図1は本発明の実施の形態に係るハイブリッド発電システムの外観概略図であり、
図2はそのハイブリッド発電システムのシステム構成図である。
図1,2において、ハイブリッド発電システム1は、風力発電装置2と太陽光発電装置7から構成され、風力発電装置2はタワー6の最上部に設置されるナセル5と、ナセル5内から延設されるローター軸10と、そのローター軸10の先端に設けられたハブ4を中心として放射状に設置される複数のブレード3を備えている。
また、ナセル5の内部では、ローター軸10にブレード3による回転速度を増速する増速機11と、増速機11で発電に適した回転速度で運動エネルギーを電気エネルギーに変換する発電機12が接続されている。
発電機12で発電した電力は、変圧器及び系統安定化装置等を経て電力系統19へ送出される。
また、風力発電装置2は、風速計15及び風向計16(いずれも
図1には図示せず)を備えており、それらの出力は発電機制御装置13及び給電制御装置14へ送信されている。発電機制御装置13は風速計15の出力を受信し、発電機12からローター軸10の回転数と発電機12の出力を受信し、さらに、電力系統19から出力要求を受信する等して発電機12へ制御信号を送信する。また、ナセル5の下部等にブレード3を風上に向けるためのヨー制御装置(図示せず;選択的構成要素)を備えている場合には、発電機制御装置13は風向計16からの出力を用いて、ヨー制御装置に対して制御信号を送信し、ブレード3を風上に向ける制御を行う。
【0017】
給電制御装置14について説明する前に、太陽光発電装置7について説明する。
太陽光発電装置7は、
図2に示されるとおり、太陽光を受けて発電する太陽光パネル8と、発電された電力を貯蔵する蓄電池17と、蓄電池17に貯蔵された直流電力を交流電力へ変換するインバーター18と、太陽光パネル8の受光面の向きを時刻に合わせて制御可能な受光面制御装置20(選択的構成要素)を備えている。
また、
図1(a),(b)に示されるように、太陽光パネル8は風力発電装置2のタワー6の外壁に支持腕9を介して設置されている。
図1では太陽光パネル8はタワー6の外壁の一部にのみ設置されているが、タワー6の耐荷重に応じて全周に亘って設置されてもよいし、
図1に示されるよりも小さな面積で設置されてもよい。また、外壁の一部に設置される場合には、支持腕9を可動とする受光面制御装置20を設けて、時刻に応じて太陽光パネル8の受光面が太陽光を効率的に受光できるように太陽の位置及び高度に追従する制御が可能としてもよい。

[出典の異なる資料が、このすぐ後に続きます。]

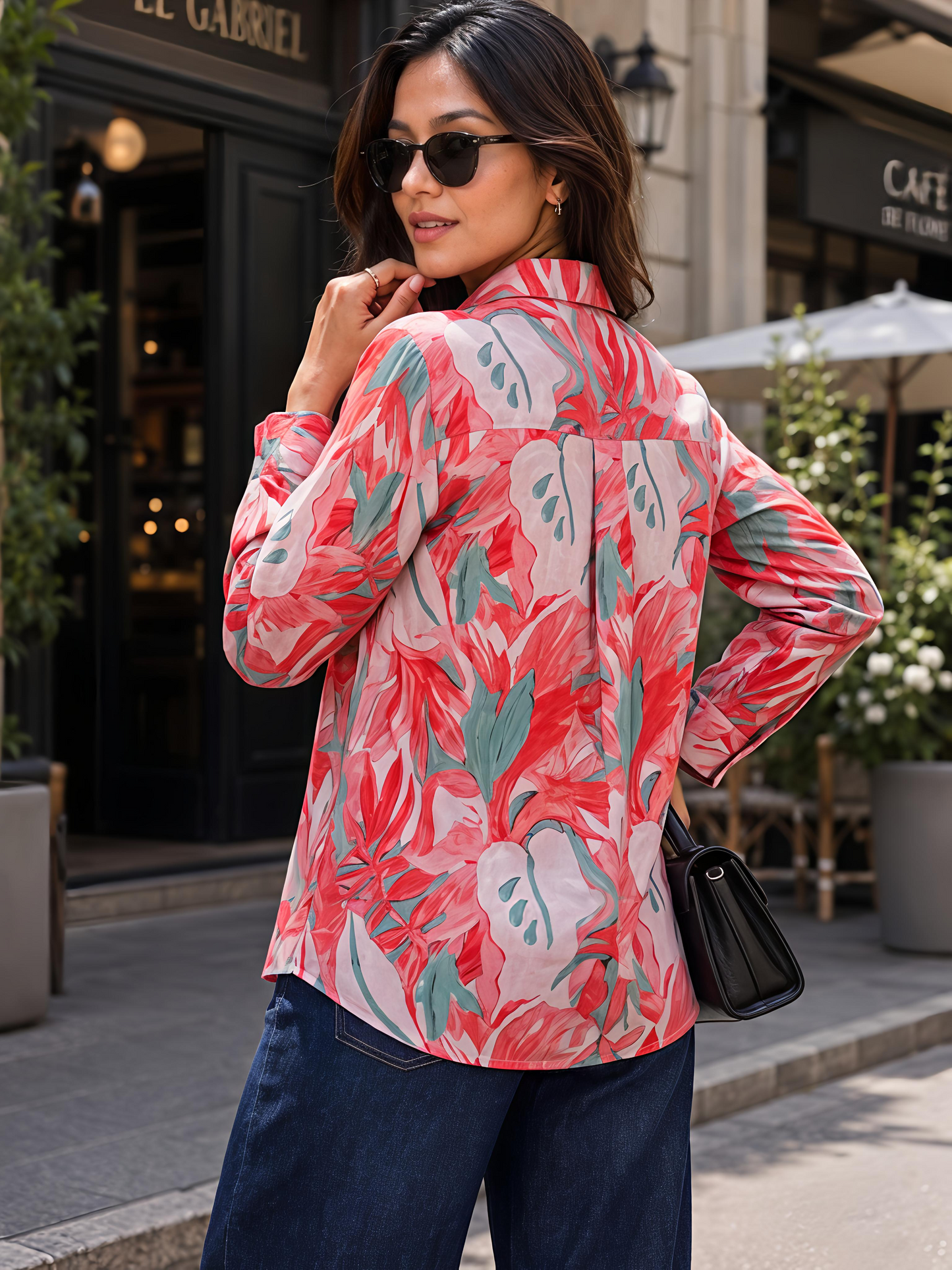Orange Floral Printed Button Down Long Sleeve Shirt Women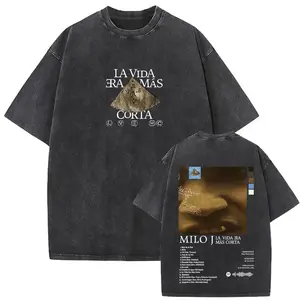 Washed Vintage Rapper Milo J La Vida Era Mas Corta Album Graphic T-shirt Men Women Hip Hop Fashion Pop Music T Shirts Streetwear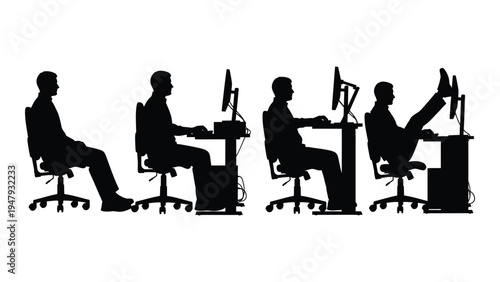 People sitting in different positions at their desks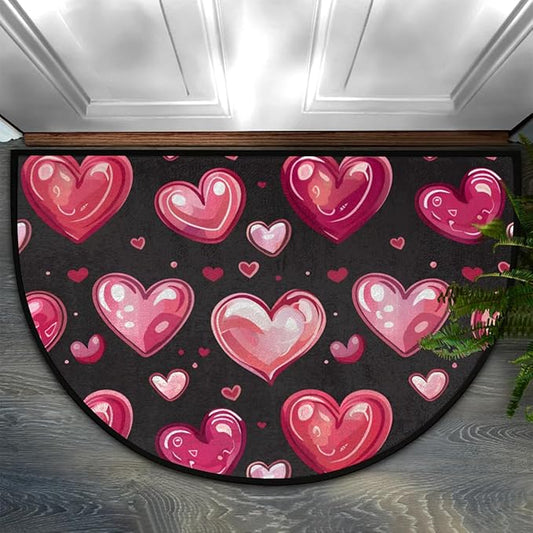 Half Round Black Door Mat Non Slip Bath Mats Love Heart Front Porch Rugs Cute Shower Mat for Living Room Bedroom Kitchen Bathroom Home Decor Gifts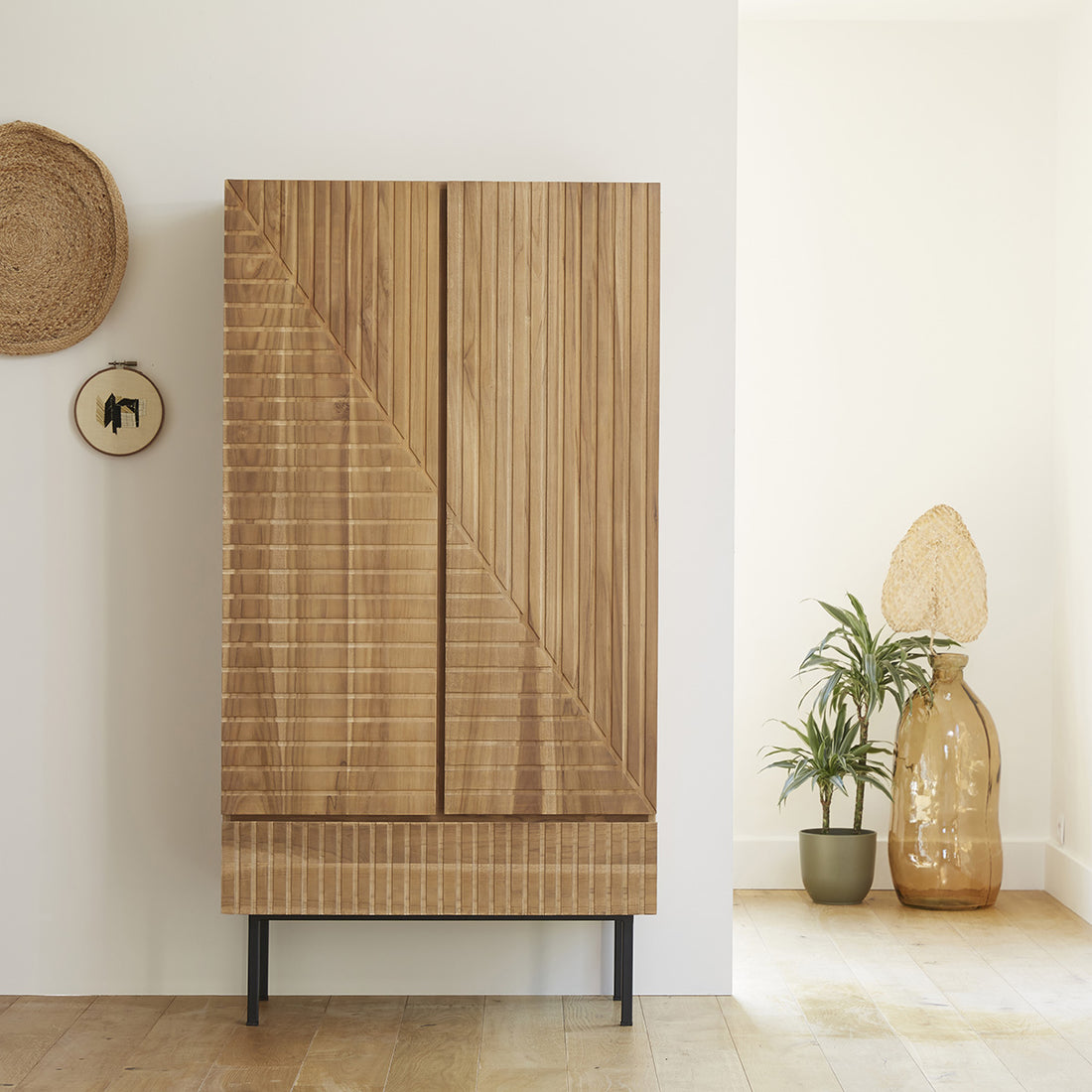 PORTLAND - Armoire en teck massif 95 cm
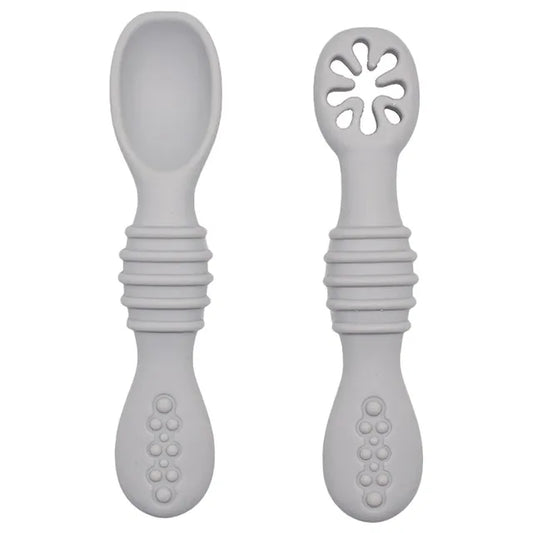 Babies Basic Silicone First Stage Training Spoon with Masher - Grey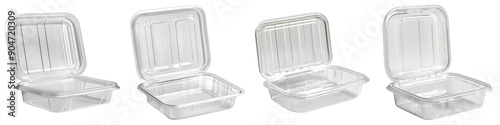 Collection of Plastic Clamshell Food Container With Hinged Lid On Transparent Png Background For Takeout Packaging Mockup . Generative ai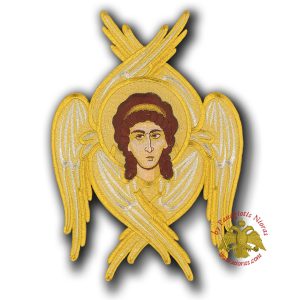 Ορθόδοξο Κεντημα Εικόνα Εξαπτέρυγο με Χρυσοκλωστη 15.5x21cm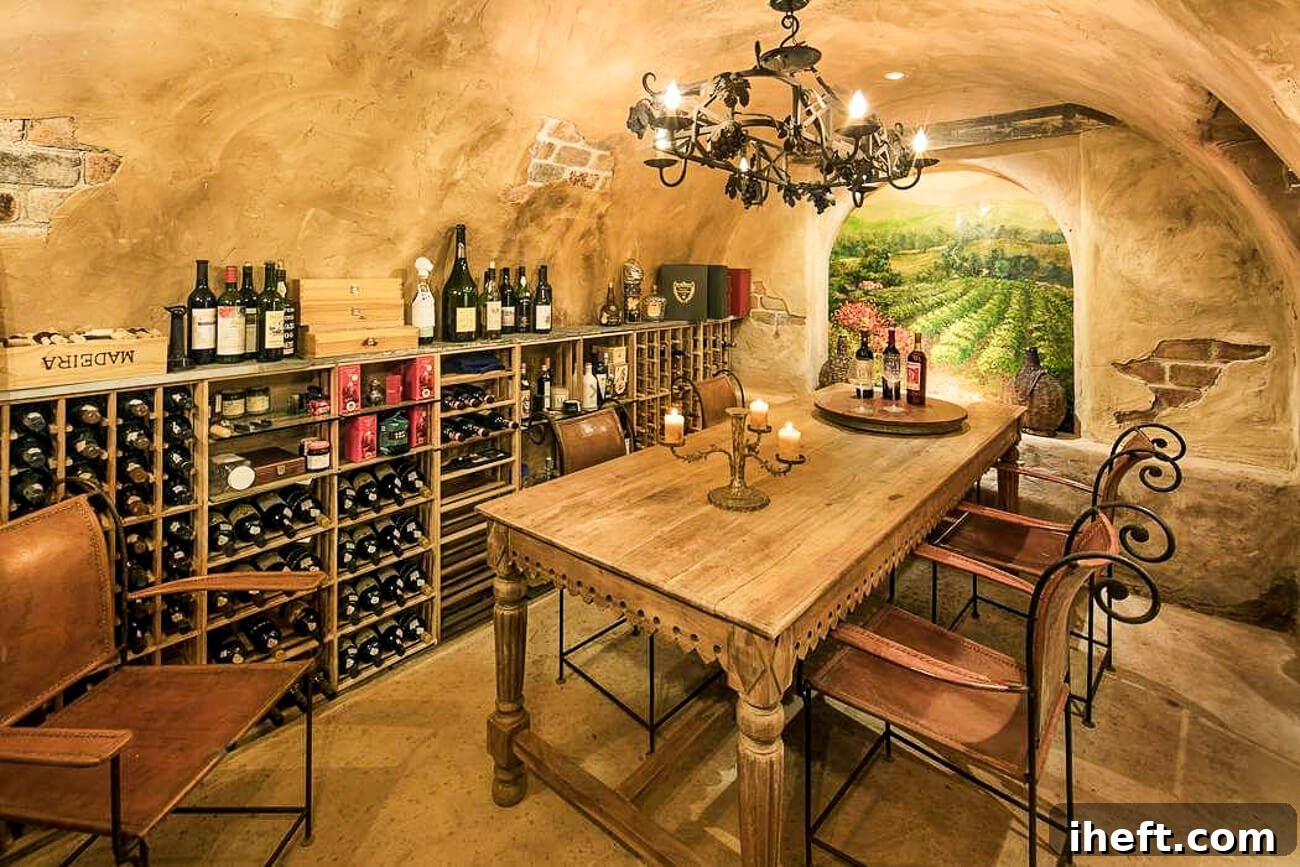 A Tuscan inspired home wine cellar tasting room with dining table and fresco on the wall. 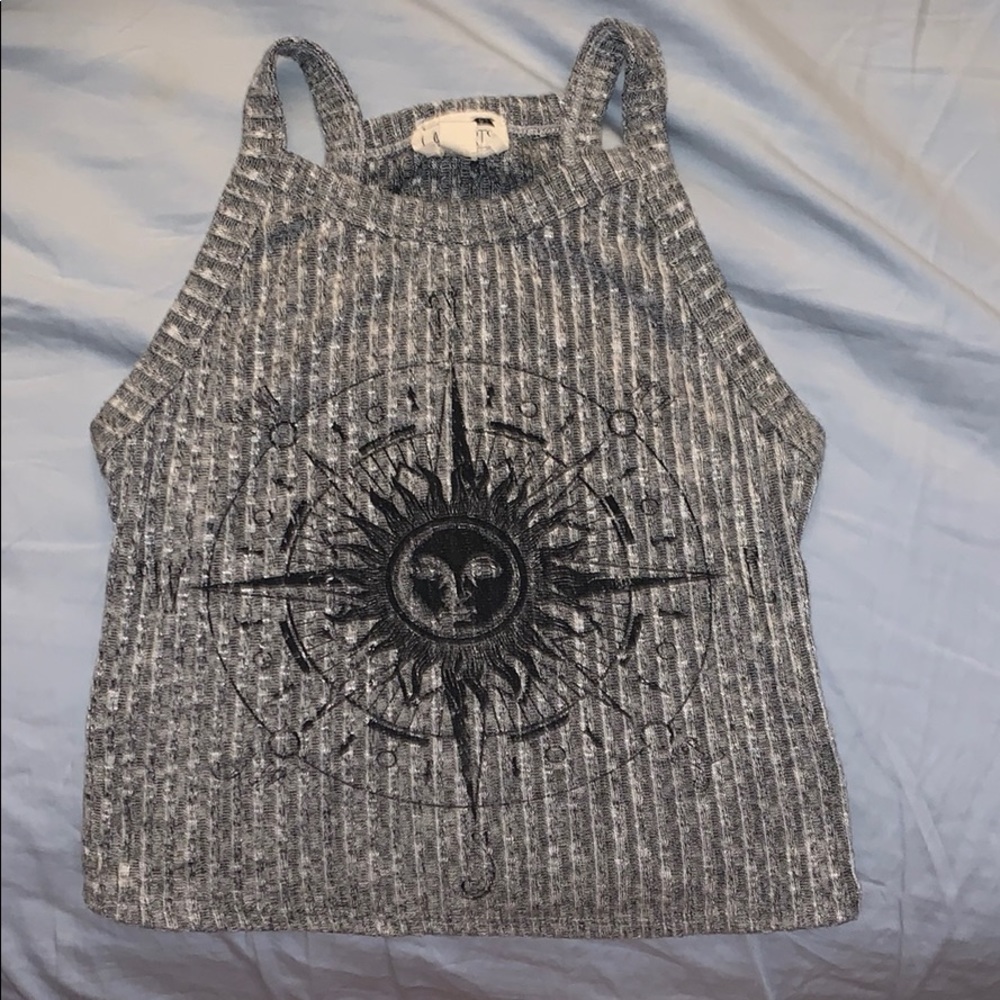 Gray crop top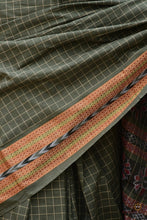 Load image into Gallery viewer, Smritirekha Greenish Grey Sambalpuri Bandha mercerized cotton saree full view — Pasapali handloom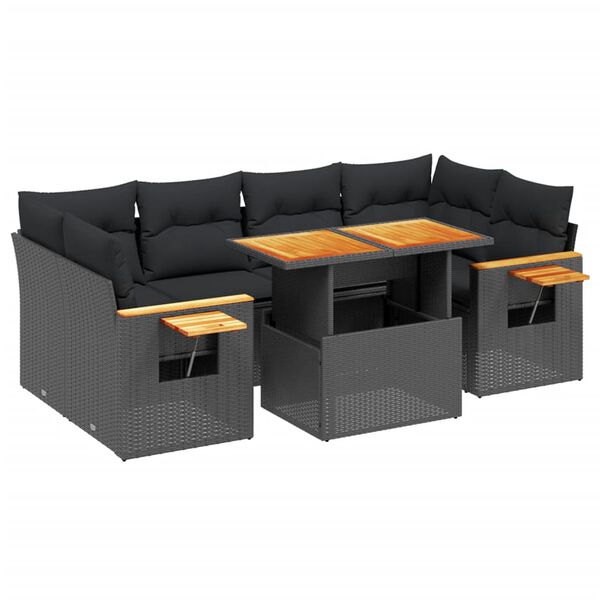 vidaXL Salon de jardin 7 pcs avec coussins noir r&eacute;sine tress&eacute;e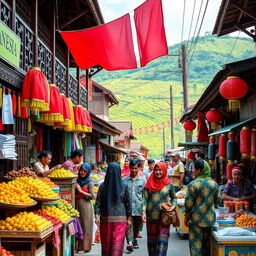 A vibrant street scene in Indonesia, showcasing the rich and diverse culture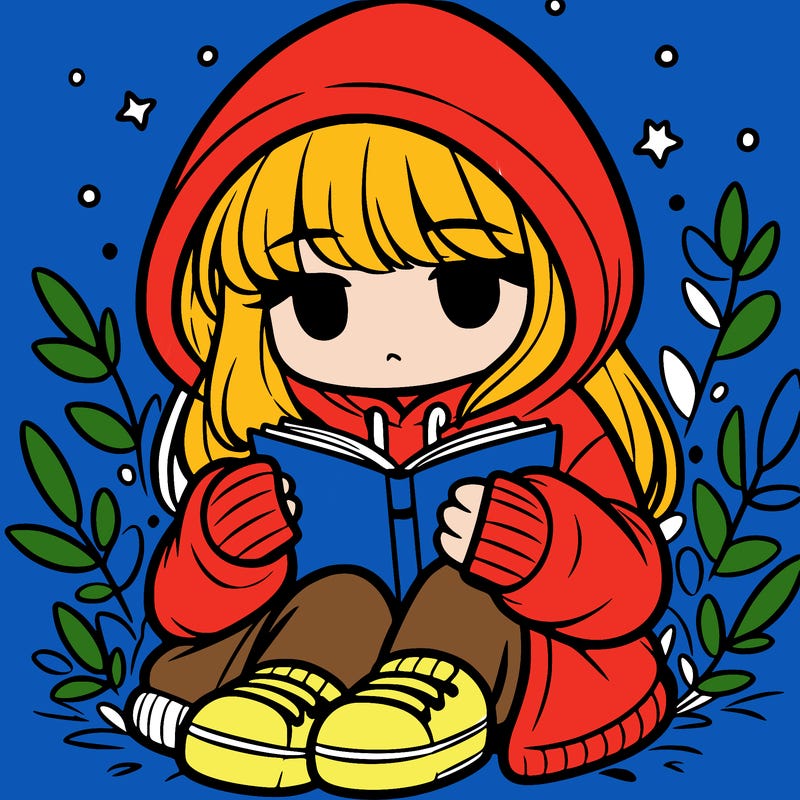 girl in oversized hoodie reading a book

蓄電池17によって貯蔵されている電力はインバーター18を介して、風力発電によって発電された電力と同様に、変圧器及び系統安定化装置等を経て電力系統19へ送出される。
また、蓄電池17によって貯蔵されている電力は、後述する給電制御装置14を介して、ブレード3が停止している際に一定の条件に基づいて給電制御装置14を介して発電機12をモーターとして回転させるために発電機12に供給される。
【0018】
次に、
図2に戻って給電制御装置14について説明する。
まず、予め風速計15及び風向計16からの出力を想定して、これらの出力値をパラメーターとして、停止中のブレード3が受ける回転力Fx、Fd及びFsを理論的あるいは試験結果等から求めておく。給電制御装置14は、風速計15及び風向計16の出力と予め得たこれらFx、Fd及びFsを用いて、ブレード3が実際に受けている回転力Fx、Fd及びFsを演算する。
【0019】
具体的に
図3及び
図4を参照しながら説明する。
図3は風力発電装置のブレードが受ける回転力と発電機のローター軸にかかる静止摩擦力及び動摩擦力の関係を示す概念図であり、
図4は風力発電装置のブレードが停止している場合にブレードが受ける風速とブレードが受ける回転力の関係を示す概念図である。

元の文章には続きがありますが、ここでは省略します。